According to a quick Google and the IFS "the top 0.1 per cent, a mere 50,000 individuals, pay at least 10 per cent of all income tax, so each pays at least 100 times more than the average"

They are also incredibly mobile. So we could easily lose a good chunk of that 10% - that's £83billion tax paid by just 50,000 individuals - if a few of them decide to give their money to a different country instead.

And it's not just the tax income. I have no idea why you think that it's the warehouse staff who do 'the real work'. Warehouse work is very easily replaceable with any other willing worker. A warehouse worker emigrating really isn't a huge loss to the UK. On the other hand, someone who makes a business successful, providing employment for many people and genuine productivity gain for the UK? Not so easily replaceable.

SheilaFentiman · 21/10/2024 08:51

Thank you @TriceratopsRocks but DM’s income covers her care visits, bills, food, cleaner etc no problem, but there’s not much headroom for gifts from income. I appreciate the suggestion.

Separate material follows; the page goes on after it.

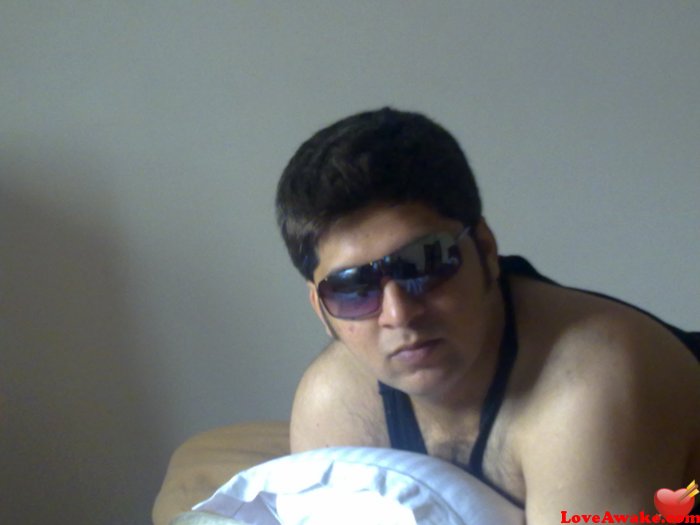 riseom7 Indian Man from Mumbai (ex Bombay)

It is what it is and the estate will pay the tax when the time comes 🙂

strawberrybubblegum · 21/10/2024 08:57

And as for you saying that it isn't the 1% who are the problem. I agree. (although I don't think it's the 0.1% who are the problem either).

But all the bile, all the populist government rhetoric, it's all aimed at the top 1%.

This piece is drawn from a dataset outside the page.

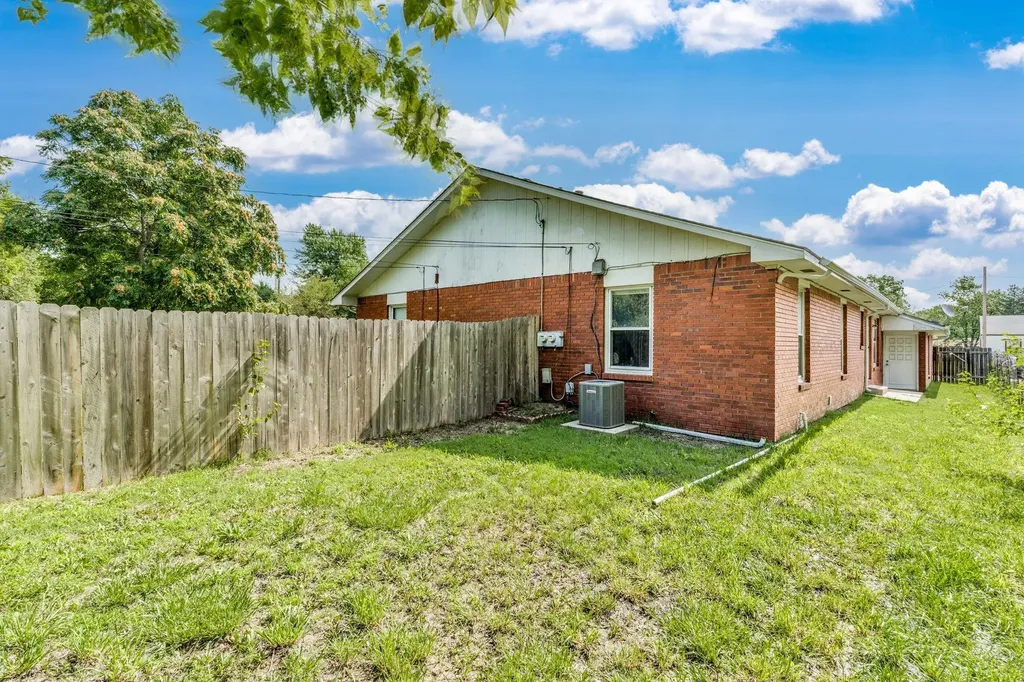 1511-1513 S Edwards Avenue Wichita KS 67213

As those figures show, that top 1% are being increasingly hammered - and likely to be even more so in the next budget. Not because it's 'fair', but because they're an easy target.

What I haven't looked into - but have my suspicions about - is how mobility has changed for the top 1% in the last 20 years.

Do you think it's easier or harder for the top 1% to move abroad now than 20 years ago? Their reasons for moving certainly seem to have increased, when their proportionate share of the tax burden has increased by 50%... and there's so much populist rhetoric and vengeful policy making against them.